Lab 5: Matrix Multiply – Improved Scheduling

Prologue: Logistics

Due Dates

For this lab, you’ll be turning in the following deliverables:

Checkpoint: Due Monday, October 7, 11:59pm (Gradescope)
Final Submission: Due Tuesday, October 15, 11:59pm (Gradescope)

Note the unusual schedule for the final submission: to accommodate the fact that we won’t be holding live lab the week of October 14, Labs 5 and 6 will each span roughly a week and a half.

See the “Deliverables” section at the end of this document for more information on what you’ll be turning in.

Starter Code

You can get the starter code for this lab by cloning the lab repository:

git clone git@github.com:accelerated-computing-class/lab5.git

Introduction

Goals for This Lab

In Lab 4, we started developing an implementation of matrix multiplication, and looked at how to design our matrix multiplication kernel to exploit data reuse at the level of the L1 SRAM and the register file. In this lab, we’ll be optimizing our implementation further, mostly by improving the scheduling of our computation to increase hardware utilization.

This lab has two parts:

First, we’ll try to improve the performance of our kernel on the 3072 * 3072 * 3072 problem size that we’ve already seen.
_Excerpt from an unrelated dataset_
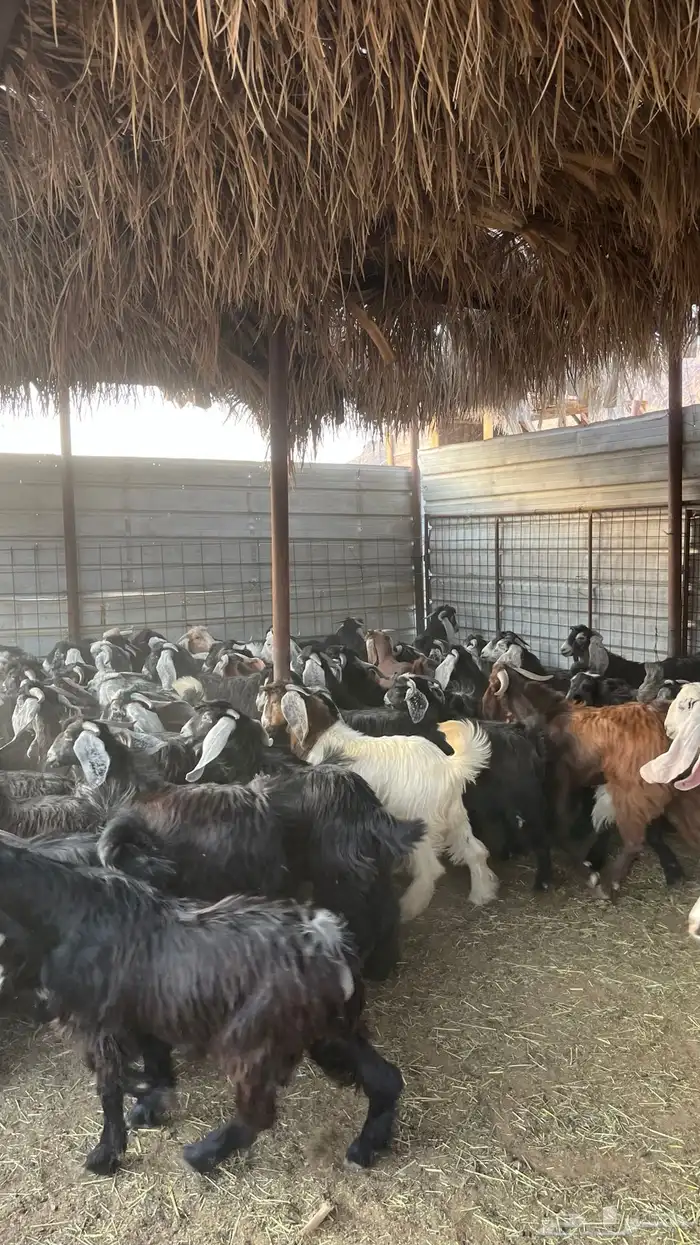 ذبائح بجميع انواعها 16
This part of the lab will be relatively open-ended, but we’ll have some suggestions for things you might want to try.
Second, we’ll extend our implementation to be better at handling varying problem sizes, and analyze the ways in which problem size affects performance.

Part 1: Improving Performance

Our first goal in this lab will be to improve the performance of our implementation from Lab 4, as measured in the same setting in which we previously tested it: multiplying square matrices with side length 3072. Our goal will be to reduce our kernel’s run time to under 7 ms:

Deliverable: In the file matmul_2.cu, implement the functions matmul_improved and launch_matmul_improved so that they can complete the 3072 * 3072 * 3072 benchmark in 7 ms or less. You can feel free to use any techniques you like to try to achieve this run time target.

(If your implementation from Lab 4 already runs in under 7 ms, you don’t need to do anything, although we encourage you to try to optimize it further if you want.)

Depending on exactly how you wrote your implementation for Lab 4, your kernel’s run time may be bottlenecked on different things. We don’t know exactly what you’ll need to do to make your specific implementation run faster, but we do have some suggestions for things you can try that may help.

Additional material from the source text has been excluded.